Автор книги: Зоя Донгак
Жанр: Биографии и Мемуары, Публицистика
Возрастные ограничения: +12
сообщить о неприемлемом содержимом
Текущая страница: 8 (всего у книги 12 страниц)
С Пушкиным в сердце
Пушкинская тема – одна из любимых в нашей семье. Среди первых ее реликвий – работа маслом отца Нади, названная «Сказка», где изображён великий поэт, рассказывающий сказку своим детям.
Помню, в 1957 году пятилетняя Надя, слушая «Сказку о царе Салтане» А. С. Пушкина, которую перечитывал ей вслух папа, играючи, нарисовала тридцать шесть рисунков.

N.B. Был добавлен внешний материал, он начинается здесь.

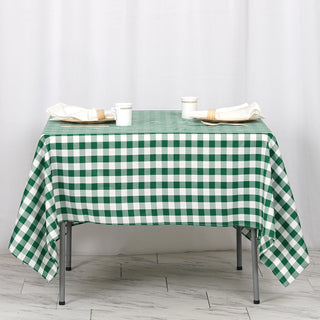 Create a Timeless and Charming Atmosphere with the White/Green Buffalo Plaid Square Tablecloth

В нашей домашней библиотеке собраны многие сочинения о поэте. Пополнение было делом общесемейным. Каждый, где бы он ни побывал, привозил что-то новое. Мы бережно храним произведения А. С. Пушкина на моем родном тувинском языке. Их перевели известные тувинские писатели Сергей Пюрбю, Степан Сарыг-оол. Обсуждение новинок, работа с ними, сотворчество были постоянным нашим общим делом. Так, Надя сделала суперобложку к «Пиковой даме». Это работа в области книжной графики особенно порадовала отца, так как сам он в 1950—1960-е гг. занимался художественным оформлением тувинских книг. Особенно ему дороги были иллюстрации к тувинской сказке Салчака Тока «О Кодур-ооле и Биче-Кыс». Он их делал для издательства города Кызыла в 1958—1961 годах.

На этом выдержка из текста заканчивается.